12.1.11

RBE I Workshop: Pietro Terna, "Complexity and Economics, Reading Notes for a Discussion"

WORKSHOP
REVISITING THE BOUNDARIES OF ECONOMICS
A Historical Perspective

Collegio Carlo Alberto, Moncalieri (Torino, Italy)
April 16, 2010


PIETRO TERNA
Dipartimento di scienze economiche e finanziarie G. Prato, Università di Torino and ISI

Complexity and Economics, Reading Notes for a Discussion

Excerpt


1.      Basics
The complexity manifesto is mostly identified with Anderson (1972) paper “More is different”, where we read:
(p.393) The reductionist hypothesis may still be a topic for controversy among philosophers, but among the great majority of active scientists I think it is accepted without questions. The workings of our minds and bodies, and of all the animate or inanimate matter of which we have any detailed knowledge, are assumed to be controlled by the same set of fundamental laws, which except under certain extreme conditions we feel we know pretty well.

(…)The main fallacy in this kind of thinking is that the reductionist hypothesis does not by any means imply a "constructionist" one: The ability to reduce everything to simple fundamental laws does not imply the ability to start from those laws and reconstruct the universe. In fact, the more the elementary particle physicists tell us about the nature of the fundamental laws, the less relevance they seem to have to the very real problems of the rest of science, much less to those of society.
The constructionist hypothesis breaks down when confronted with the twin difficulties of scale and complexity. The behavior of large and complex aggregates of elementary particles, it turns out, is not to be understood in terms of a simple extrapolation of the properties of a few particles. Instead, at each level of complexity entirely new properties appear, and the understanding of the new behaviors requires research which I think is as fundamental in its nature as any other.

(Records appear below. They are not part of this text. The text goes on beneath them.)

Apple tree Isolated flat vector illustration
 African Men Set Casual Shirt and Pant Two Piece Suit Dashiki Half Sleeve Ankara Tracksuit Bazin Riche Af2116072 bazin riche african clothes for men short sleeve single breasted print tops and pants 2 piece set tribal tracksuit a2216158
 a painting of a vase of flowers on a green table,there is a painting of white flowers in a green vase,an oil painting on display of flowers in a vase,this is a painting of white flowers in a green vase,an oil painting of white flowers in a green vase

(p.396) In closing, I offer two examples from economics of what I hope to have said. Marx said that quantitative differences become qualitative ones, but a dialogue in Paris in the 1920's sums it up even more clearly:
FITZGERALD: The rich are different from us.
HEMINGWAY: Yes, they have more money.

… and the dialog is only apparently a joke.
From the wonderful list of foundational paper about complexity that we can find at this page, let’s have a second basic reference related to the model building perspective. In Rosenblueth and Wiener (1945), the founders of cybernetics, we read:
(p. 317) A distinction has already been made between material and formal or intellectual models. A material model is the representation of a complex system by a system which is assumed simpler and which is also assumed to have some properties similar to those selected for study in the original complex system. A formal model is a symbolic assertion in logical terms of an idealized relatively simple situation sharing the structural properties of the original factual system.
Material models are useful in the following cases. a) They may assist the scientist in replacing a phenomenon in an unfamiliar field by one in a field in which he is more at home.
(…) b) A material model may enable the carrying out of experiments under more favorable conditions than would be available in the original system. This translation presumes that there are reasonable grounds for supposing a similarity between the two situations; it thus presupposes the possession of an adequate formal model, with a structure similar to that of the two material systems. The formal model need not be thoroughly comprehended; the material model then serves to supplement the formal one.
(p. 319) It is obvious, therefore, that the difference between open-box and closed-box problems, although significant, is one of degree rather than of kind. All scientific problems begin as closed-box problems, i.e., only a few of the significant variables are recognized. Scientific progress consists in a progressive opening of those boxes. The successive addition of terminals or variables, leads to gradually more elaborate theoretical models: hence to a hierarchy in these models, from relatively simple, highly abstract ones, to more complex, more concrete theoretical structures. The setting up of a simple model for a closed-box assumes that a number of variables are only loosely coupled with the rest of those belonging to the system. The success of the initial experiments depends on the validity of that assumption. As the successive models become progressively more sophisticated the number of closed regions may actually and does usually increase, because the process may be compared with the subdivision of an original single box into several smaller shut compartments. Many of these small compartments may be deliberately left closed, because they are considered only functionally, but not structurally important. At an intermediate stage in the course of a scientific inquiry the formal model may thus be a heterogeneous assembly of elements, some treated in detail, that is specifically or structurally, and some treated merely with respect to their overall performance, that is, generically or functionally.

Being cybernetics a root of all our contemporary work in complexity and agent based simulation, it is important to underline the analogy between the ‘material model’ above, which is now the artifact we can construct into a computational system, with more or less open-boxes, to see in a closest way the problem while we are also studying it in a theoretical way.
Why this is more and more important in social science and economics?